US adds Pakistan to religious freedom blacklist, takes no action against India
Secretary of State Antony Blinken took no action against India, seen by the United States as a key emerging ally
WASHINGTON: The United States on Friday added Pakistan, China and Latin American adversaries Cuba and Nicaragua, among others, to a blacklist on international religious freedom, opening the path to potential sanctions.
Secretary of State Antony Blinken said the Wagner Group was being designated due to involvement in abuses in the Central African Republic, where nearly a decade of bloodshed has had religious overtones.

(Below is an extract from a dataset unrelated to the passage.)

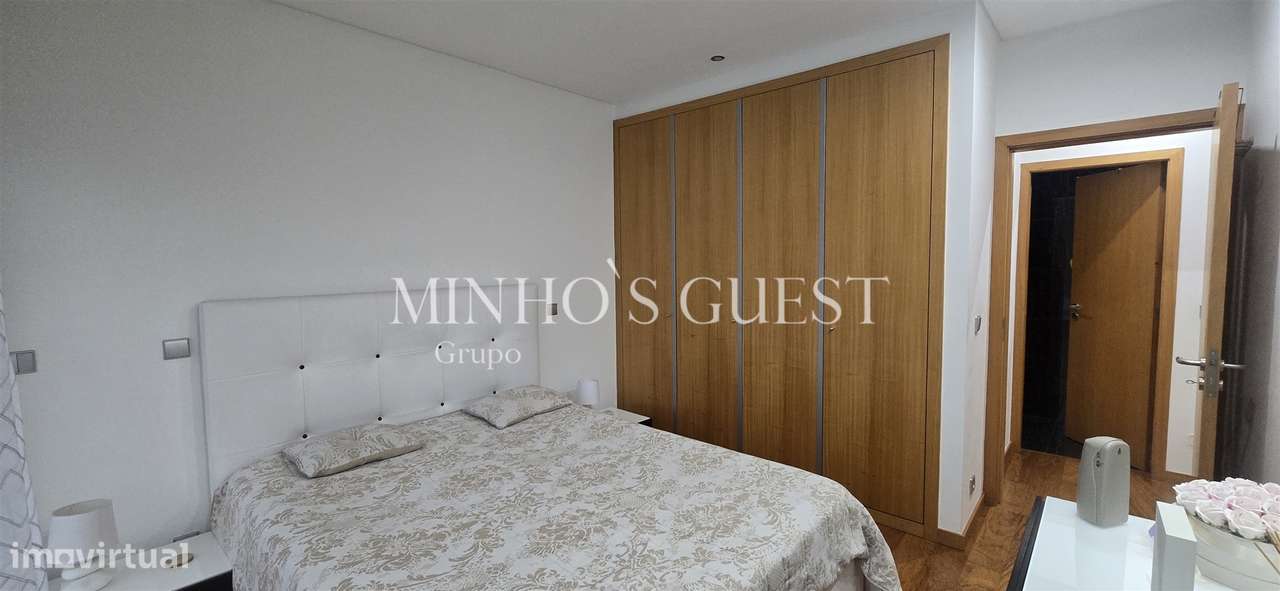 Moradia V3 c/ 1 Suite Closet, Mobilada e Equipada pronta a Habitar c/-26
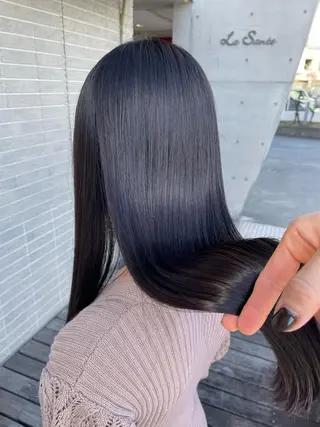 ロング 山木 裕子のヘアスタイル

"The United States will not stand by in the face of these abuses," Blinken said in a statement.
Cuba and Nicaragua were both newly designated as "Countries of Particular Concern" under the annual determinations, meaning that the two leftist-led states — already under US sanctions — could face further measures.
Blinken kept on the blacklist all Countries of Particular Concern from 2021 — Pakistan, China, Eritrea, Iran, Myanmar, North Korea, Russia, Saudi Arabia, Tajikistan and Turkmenistan.

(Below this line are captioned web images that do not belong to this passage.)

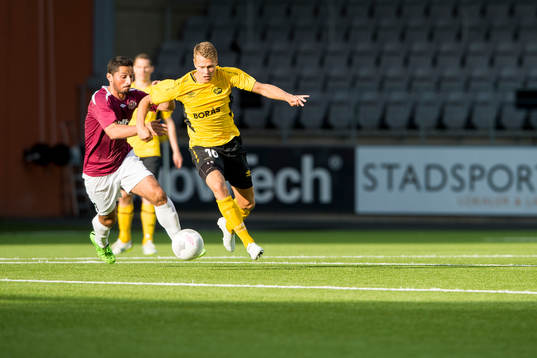 Elfsborgs Viktor Claesson och Lahtis Xhevdet Gela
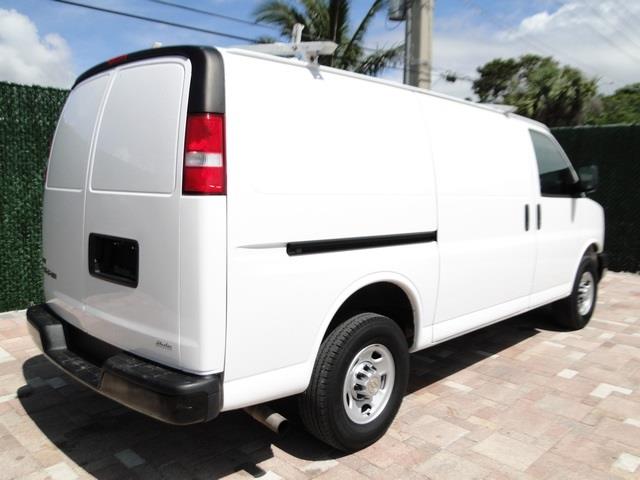 2010 Chevrolet Express SV 4dr SUV
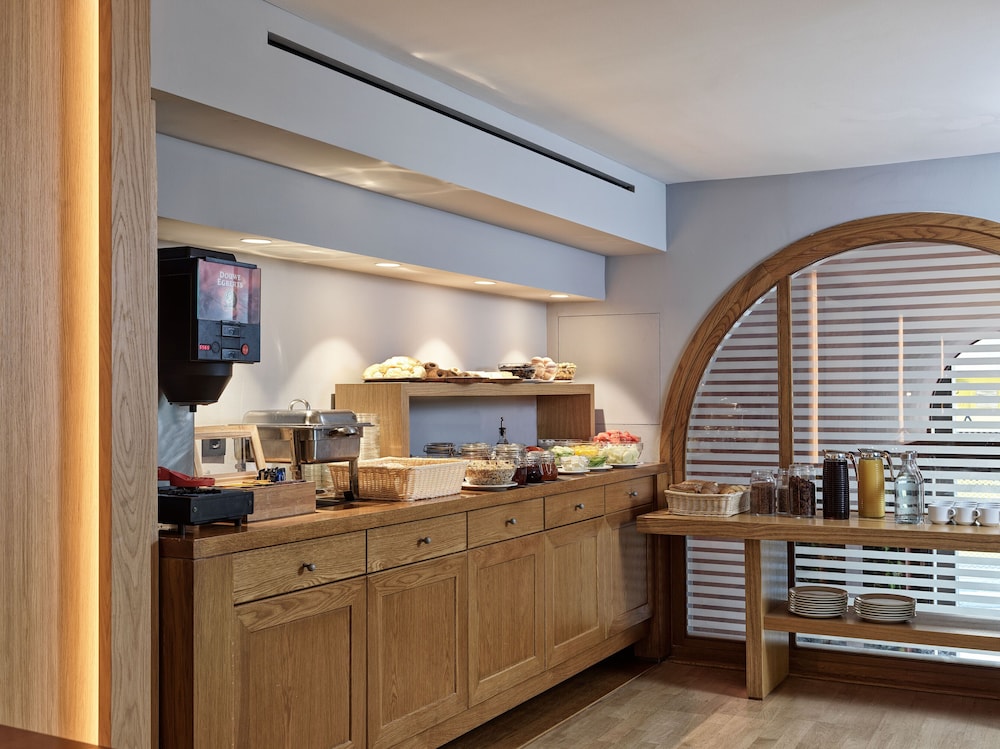Achilleas Hotel — Restaurant & bars in Athens, Attica
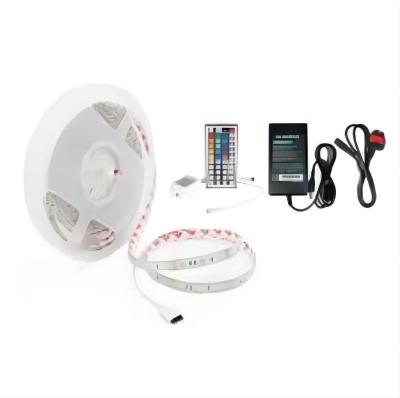 China Remote Control 5050 RGB LED Strip Flexible 30LED RGB DC 12V CE RoHS For Home for sale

Nicaragua´s increasingly authoritarian president, Daniel Ortega, has clamped down on the Catholic Church since accusing it of supporting 2018 anti-government protests, which were crushed at the cost of hundreds of lives.
A bishop critical of the government, Rolando Alvarez, was put under house arrest in August with other priests and seminarians arrested on unspecified charges.

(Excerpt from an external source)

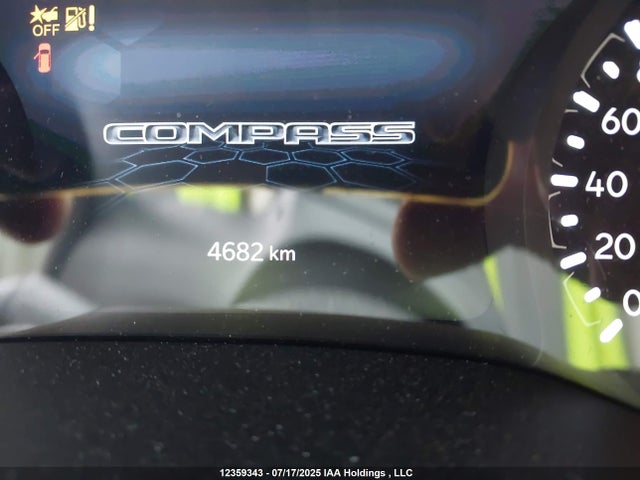 3C4NJDAN1RT588253 Jeep 2024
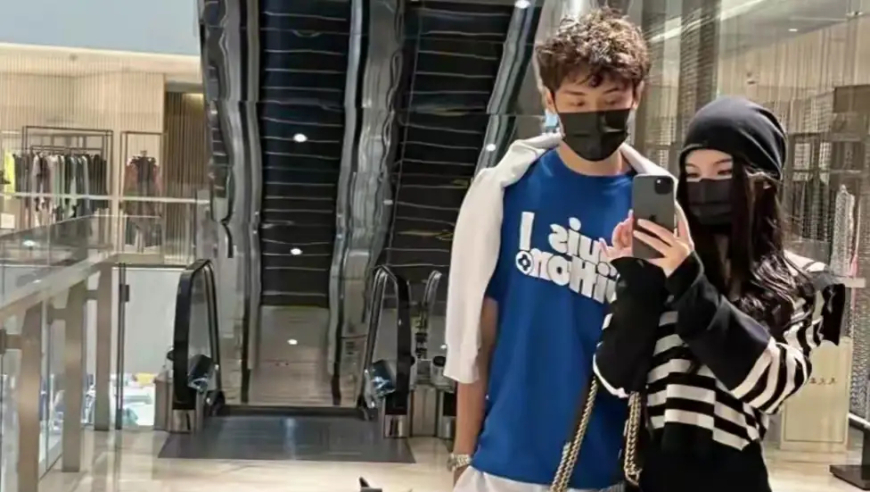 吴兴涵妻子又搞事情，炮轰泰山队，怒喷俱乐部没有良知，球迷称她心智就像小学生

The designation of Cuba is the latest sign of pressure on the island by the administration of President Joe Biden, which has largely shunned previous Democratic president Barack Obama´s Vatican-blessed effort to seek an opening with the long-time US nemesis.
In its latest annual report on religious freedom issued in June, the State Department pointed to violence and arrests of Cuban religious figures over purported roles in rare public protests as well as restrictions on non-recognised Protestant churches.
"These actions represented a shift to engaging in and tolerating systematic, ongoing egregious violations of religious freedom, which is the basis for the designation," State Department spokesman Ned Price told reporters.
Cuban Foreign Minister Bruno Rodriguez rejected the US blacklisting, calling it "arbitrary" and "dishonest."
"It is known that in Cuba there is religious freedom," Rodriguez tweeted.
No action on India, warning to Vietnam
As expected, Blinken took no action against India, seen by the United States as a key emerging ally.
The decision ignores a recommendation by the autonomous US Commission on International Religious Freedom, which said that treatment of minorities was "significantly" worsening under Prime Minister Narendra Modi´s Hindu nationalist government.
The Commission said in a statement it was "outraged" that Blinken did not list India or Nigeria, saying the State Department´s own reporting showed "severe religious freedom violations" in both countries.
India had already voiced anger over the State Department´s annual report, which documented incendiary comments by Indian officials and accounts of discrimination against Muslims and Christians.
The report had separately pointed to abuses of Russia´s Wagner Group in the Central African Republic, citing Amnesty International in linking the mercenaries to killings and sexual violence against Muslims.
The designation comes as US senators introduced legislation to slap a terrorism designation on the Wagner Group, which has also been involved in Mali and been accused of rights violations in Libya, Syria and Ukraine.
Blinken added the Central African Republic to a watchlist, meaning that it will be designated among Countries of Particular Concern without progress.
Also newly put on the watchlist was Vietnam. The State Department report said the communist authorities have harassed non-recognized religious groups, including Christian house churches, independent Buddhists and members of the century-old Cao Dai movement.
Rights activists have long pushed the United States to designate Vietnam but successive administrations have been building ties with the former US adversary.
Algeria and Comoros remained on the watchlist from 2021.